**Excerpted data**
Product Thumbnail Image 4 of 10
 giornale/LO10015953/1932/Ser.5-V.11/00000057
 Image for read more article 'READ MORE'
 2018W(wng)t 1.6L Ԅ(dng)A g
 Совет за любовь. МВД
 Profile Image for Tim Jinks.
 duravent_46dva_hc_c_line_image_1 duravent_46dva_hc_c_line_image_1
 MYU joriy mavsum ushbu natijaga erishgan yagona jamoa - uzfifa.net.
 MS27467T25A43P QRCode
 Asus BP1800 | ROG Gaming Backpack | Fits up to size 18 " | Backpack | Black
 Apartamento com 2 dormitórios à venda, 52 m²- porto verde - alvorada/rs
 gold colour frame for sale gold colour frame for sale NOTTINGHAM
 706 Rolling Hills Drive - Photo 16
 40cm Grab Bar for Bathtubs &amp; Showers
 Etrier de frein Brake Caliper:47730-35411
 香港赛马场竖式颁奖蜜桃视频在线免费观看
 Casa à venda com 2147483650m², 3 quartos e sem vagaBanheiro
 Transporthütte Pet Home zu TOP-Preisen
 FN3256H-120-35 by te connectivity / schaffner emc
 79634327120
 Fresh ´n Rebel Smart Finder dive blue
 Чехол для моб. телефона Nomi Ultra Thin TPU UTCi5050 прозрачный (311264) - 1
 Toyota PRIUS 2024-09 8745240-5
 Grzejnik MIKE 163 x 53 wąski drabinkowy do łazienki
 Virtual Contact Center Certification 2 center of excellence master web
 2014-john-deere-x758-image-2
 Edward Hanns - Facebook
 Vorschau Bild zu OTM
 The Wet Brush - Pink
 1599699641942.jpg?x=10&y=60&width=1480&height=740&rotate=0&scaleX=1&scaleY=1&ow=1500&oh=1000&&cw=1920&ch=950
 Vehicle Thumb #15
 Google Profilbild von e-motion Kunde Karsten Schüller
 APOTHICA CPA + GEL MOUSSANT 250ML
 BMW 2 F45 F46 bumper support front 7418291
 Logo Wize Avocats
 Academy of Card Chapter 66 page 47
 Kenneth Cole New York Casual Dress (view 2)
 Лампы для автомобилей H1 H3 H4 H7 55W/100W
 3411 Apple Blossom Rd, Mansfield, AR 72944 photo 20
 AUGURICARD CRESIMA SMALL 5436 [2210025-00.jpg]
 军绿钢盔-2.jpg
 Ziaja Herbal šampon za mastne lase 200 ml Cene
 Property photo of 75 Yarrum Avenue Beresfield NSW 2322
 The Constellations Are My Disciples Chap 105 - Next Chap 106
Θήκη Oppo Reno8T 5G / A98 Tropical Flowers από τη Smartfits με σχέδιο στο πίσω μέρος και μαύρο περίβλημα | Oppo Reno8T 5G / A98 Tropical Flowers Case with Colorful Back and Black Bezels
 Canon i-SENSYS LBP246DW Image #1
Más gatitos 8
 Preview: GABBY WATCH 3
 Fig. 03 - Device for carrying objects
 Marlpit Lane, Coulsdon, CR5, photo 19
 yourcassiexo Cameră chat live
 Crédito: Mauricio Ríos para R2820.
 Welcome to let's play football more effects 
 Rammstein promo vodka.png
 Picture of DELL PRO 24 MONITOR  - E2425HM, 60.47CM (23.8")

**Task**
Beginning with the line that contains "Preview: GABBY WATCH 3", return every line through the end of the data above, exactly as written.

**Exercise output**
 Preview: GABBY WATCH 3
 Fig. 03 - Device for carrying objects
 Marlpit Lane, Coulsdon, CR5, photo 19
 yourcassiexo Cameră chat live
 Crédito: Mauricio Ríos para R2820.
 Welcome to let's play football more effects 
 Rammstein promo vodka.png
 Picture of DELL PRO 24 MONITOR  - E2425HM, 60.47CM (23.8")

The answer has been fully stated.